The failure to establish a central memorial to the victims of the Gulag mentioned in my previous post is part of a problem of contested memory that has been apparent since the demise of the Soviet Union but has escalated in the last decade or so. As Arseny Roginsky’s eloquent essay The Embrace of Stalinism shows, various aspects of the contestation of historical memory had taken hold by 2008. In this post I want to think about how things have developed since then, and bring together a few articles on some of the most critical events of recent years.

The increasing harassment of the Memorial Society, from the raid and confiscation of their archives in December 2008 to the imposition of the status of ‘foreign agent’ last year (read the official line on this from TASS and in English from Russia Today), now threaten its very existence (see also this BBC article, featuring interview with activists and family members at last year’s Return of the Names ceremony). The Sakharov Center faces similar problems. Most prominently over the last year or so, the Perm-36 Gulag museum has lost funding, closed and reopened under new management; see also Aleksandr Kalikh’s article ‘Perm’-36: unichtozhenie pamiati. The NTV documentary about Perm-36, ‘The Fifth Column’, is an example of the disturbing tone of the accusations being levelled and of attempts to shift the focus away from the Gulag’s victims. Ola Cichowlas’ article in New Republic gives some useful context and detail on the programme for non-Russian speakers, and for Russian readers the website ura.ru has a list of stories related to the situation.

Perm-36 Gulag museum, by Gerald Praschl (CC BY-SA 3.0)

Perm-36 Gulag museum, by Gerald Praschl (CC BY-SA 3.0)

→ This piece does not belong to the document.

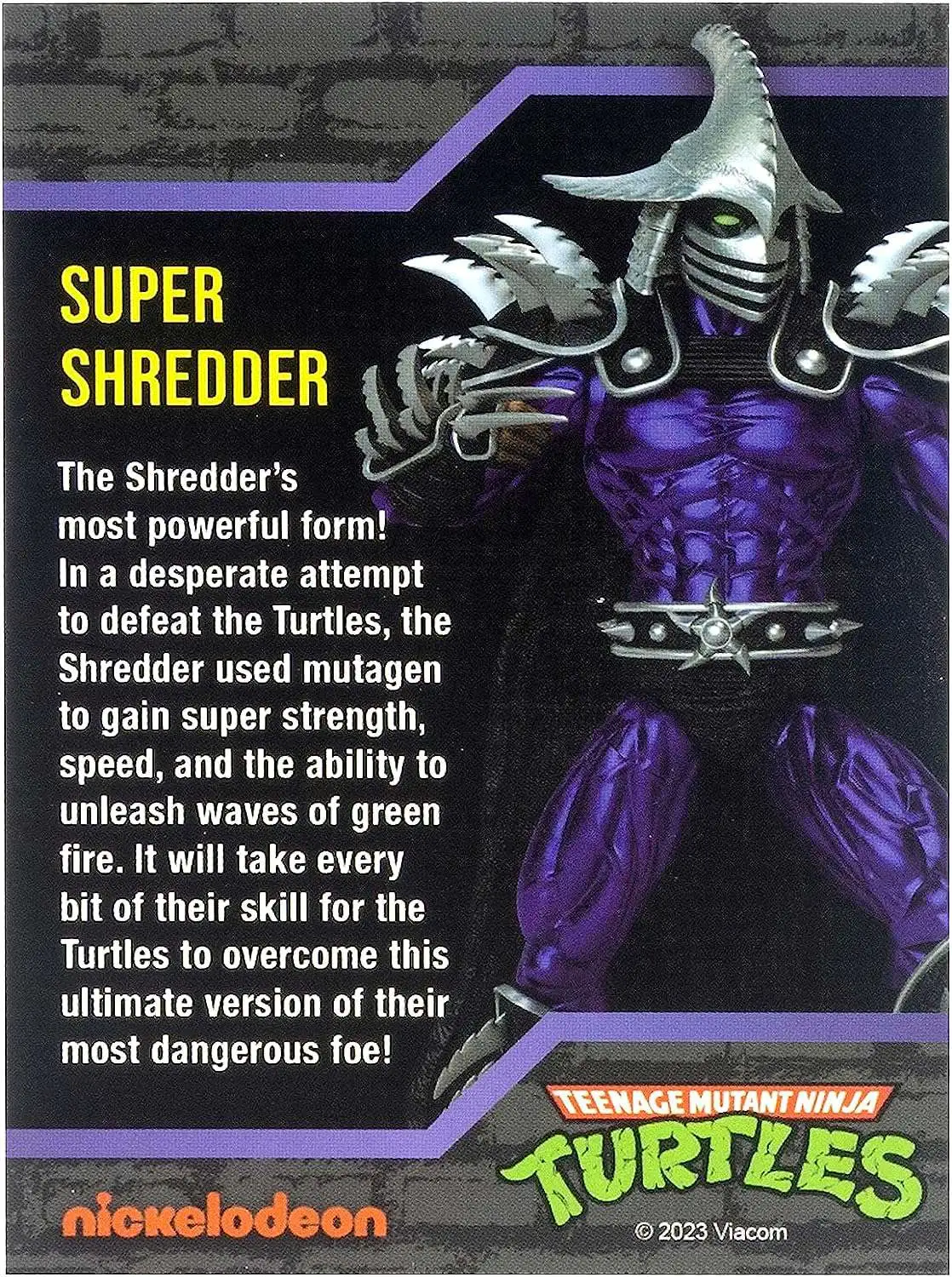 Teenage Mutant Ninja Turtles BST AXN XL Super Shredder (Figure & Comic —  Nerdzoic Toy Store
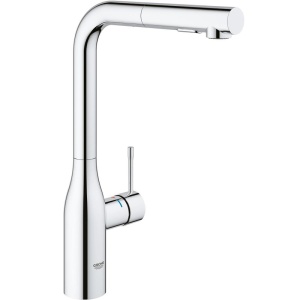 30270000 Смеситель для кухни GROHE Essence+ с высоким изливом и выдвижной лейкой, хром 30270000 Смеситель для кухни GROHE Essence+ с высоким изливом и выдвижной лейкой, хром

There are a number of reasons behind this movement against these organizations, such as the involvement of some of them in other human rights work (the closure of the Committee Against Torture as a ‘foreign agent’ shows that it is not only organizations campaigning about historical memory that are under threat). But the rehabilitation of Stalin is a major factor. In Georgia, Stalin remains a cause for celebration in some quarters, the home boy made good. In Russia, the rhetoric of the strong leader, focusing first of all on Stalin’s victory in the Great Patriotic War but also now more generally on his rebuilding and industrialization of the country both before and after the war, is very much directed towards bolstering Putin’s legitimacy at home, reclaiming pride in the nation, and re-establishing Russia’s claim to a place at the top of the international pecking order. One might suggest therefore that the memory of the Stalinist repressions and its victims are merely, yet again, the casualties of that process. But it’s more complex than that. While the new exhibition at Perm-36 emphasizes not the victims but the Gulag’s ‘Contribution To Victory’, the Museum of history of the Gulag in Moscow is, by contrast, thriving; the opening of its new building is scheduled for 30 October 2015. In Roland Oliphant’s excellent piece The growing struggle in Russia about historical memory and Stalin, Irina Shcherbakova of Memorial characterizes this as part of a hybrid approach to memory. That identifies what’s going on, but again, I’m not sure that really helps us understand why it’s happening. I’d like instead to examine two aspects which I think may get us closer to understanding it. The first is a question about commemoration: who (and what) is being remembered? The second is a question about the nature the Gulag itself.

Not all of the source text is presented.